I Agree you need a circular polarizer on the lens - that should help cut down on the reflections. However as pez points out lighting is going to be your biggest limiting factor. A circular polarizer will cut out quite a bit of light and without flash (which can cause reflection problems of its own) and a tripod for a longer exposure and things can be tricky.
Another trick is to put the lens right up to the glass itself - a bit of black card round the end to block incoming light - that should limit reflections a lot, but of course it also means that you have to work very close and in many museums the glass has security sensors in it so there is also a chance that you could set them off as well.


----------



## Torus34 (May 25, 2009)

When photographing artifacts in the museum in Anchorage I simply pressed the camera lens against the glass.  This permitted extended exposure times without blur.  Lens choice was dictated by the size of the subject and its distance from the glass.


----------



## raptorman (May 25, 2009)

A polarizer also crossed my mind, but after looking through many pictures I already took in musea (often 1/5-10, F/4 and ISO 800 due to the crappy lighting conditions) and considering the fact that a tripod and/or flash isn't allowed most of time, I think the only lens it'll work with is the Canon 17-55 F/2.8 as it's fast, has IS and good focal lengths for this kind of photography. Too bad I don't have the budget for that kind of lens. 

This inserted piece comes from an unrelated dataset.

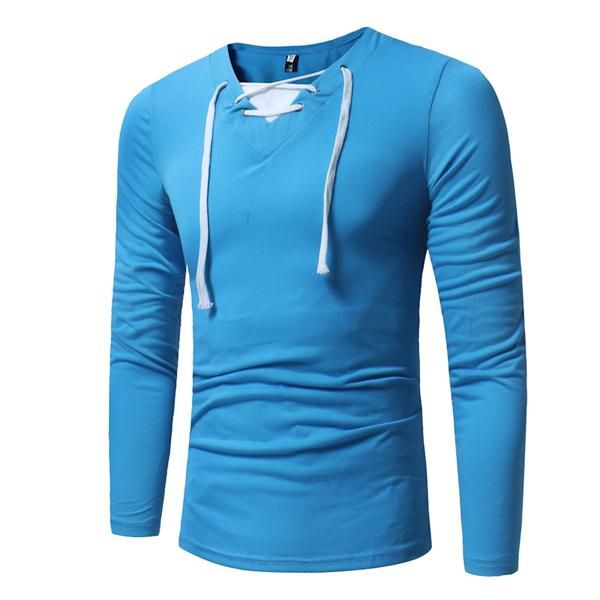

men's t-shirts selling long-sleeved t-shirt unique collar design fashion casual, White;black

The camera against the glass trick is something I'll try, but does that work without a macro lens?


----------



## Overread (May 25, 2009)

you might get away with a monopod in there - phone ahead and ask - try to not talk to the reception person since many times they only have offical no answers to most things, but try to get in contact with their head of photography or of photo usage or some such (they will have some sort of department or person in charge of this) and ask them. Make sure you point out that they are not for sale* and just for home use, but that you would like to get better examples and a monopod would greatly help you.
Be polite and who knows you might get what you need

* unless you do want to sell images then you should already be talking with them about usage rights and such.


----------



## farmerj (May 25, 2009)

Don't shoot straight at the glass.  I take pictures of birds all the time through my patio door.  Clean glass and a slight angle are really important.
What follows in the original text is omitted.